Referring to fig. 1 to 3, the wearable vital signs monitoring device comprises a cuff 100 and a host 200. The cuff 100 is configured to be worn by a user, and the wearable vital signs monitoring device can be worn on an arm of the user, such as an upper arm. The cuff 100 is provided with an air bag (not shown in the figures, but not affecting the understanding of the technical skill in the art) and an air path connecting structure 110 for connecting the air bag and other components, and after the cuff 100 is worn on the arm of the user, the air bag can be directly or indirectly attached to the blood vessel of the user, so that the change of the blood vessel is transferred to the air bag. The main unit 200 includes a housing 210, a pressurizing device 220, a solenoid valve 230 (which may be another type of electrically controlled exhaust valve), a pressure detecting device 240, a control device 250, and a triggering device 260. The housing 210 includes a top cover 211 and a bottom cover 212, and the top cover 211 is mounted on the bottom cover 212. The pressurizing means 220, the solenoid valve 230, the pressure detecting means 240 and the control means 250 may be installed between the bottom case 212 and the top cover 211, and for example, a mounting bracket may be provided to mount the respective components.

The pressurizing device 220 delivers compressed gas to the air bag.
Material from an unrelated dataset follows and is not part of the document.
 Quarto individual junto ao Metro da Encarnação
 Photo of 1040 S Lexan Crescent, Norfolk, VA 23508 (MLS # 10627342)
The solenoid valve 230 has one end connected to the air bag and the other end connected to the outside space, such as the atmosphere. The pressure detecting means 240 is used to detect the pressure in the air bag. The pressure detection device 240 is an absolute pressure detection unit or other type of pressure detection device. The electrically controlled exhaust valve may be a solenoid valve 230 or the like. The trigger 260 may be disposed on the top cover 211. The triggering device 260 includes at least one of a physical key, a touch unit, a voice control unit, a motion capture unit, a wireless signal receiving unit, and a wired signal receiving unit. For example, in fig. 1 and 2, the triggering device 260 is a physical button disposed on the top cover 211.

Wherein, when no voltage is applied, the electromagnetic valve 230 is closed, and the airbag is not opened to the atmosphere; when a voltage is applied, the solenoid valve 230 is opened to open the airbag to the atmosphere, and the compressed gas in the airbag is rapidly discharged.

In some embodiments, the top cover 211 also has a transparent portion 2111 for exposing a display device for displaying information. In addition, a voice device may be provided for voice announcement (this approach is also used in other embodiments). In other embodiments, the display device and the triggering device 260 can be integrated into one component, for example, a touch screen.

As shown in fig. 2 and 3, the pneumatic system of the wearable vital signs monitoring device includes an air bag, a pressurizing device 220, a solenoid valve 230 (which may be another type of electrically controlled exhaust valve), and a pressure detecting device 240, which are connected to each other. The pressurizing device 220, the solenoid valve 230, the pressure detecting device 240, and the triggering device 260 are all connected to the control device 250, and transmit information.

In some embodiments, a power module, a display device and a wireless communication device may be further provided. The power module is used to provide power, which may be a rechargeable battery 270 or a power circuit for installing a disposable battery, such as a battery jar for installing a lithium battery or other disposable batteries. The display device and the wireless communication device are also connected to the circuit system. The control device 250 is in signal connection with the wireless communication device, so that the wearable vital sign monitoring device can perform information interaction with other devices, such as a mobile phone, a computer, and the like.

In addition, in some embodiments, the monitoring device further comprises at least one of a motion measuring device, a fall detecting device, a positioning device, a blood oxygen measuring device, a body temperature measuring device, an electrocardiogram measuring device and a respiration measuring device, and is used for detecting corresponding vital sign information. These devices may be connected to the control device 250 for information transfer.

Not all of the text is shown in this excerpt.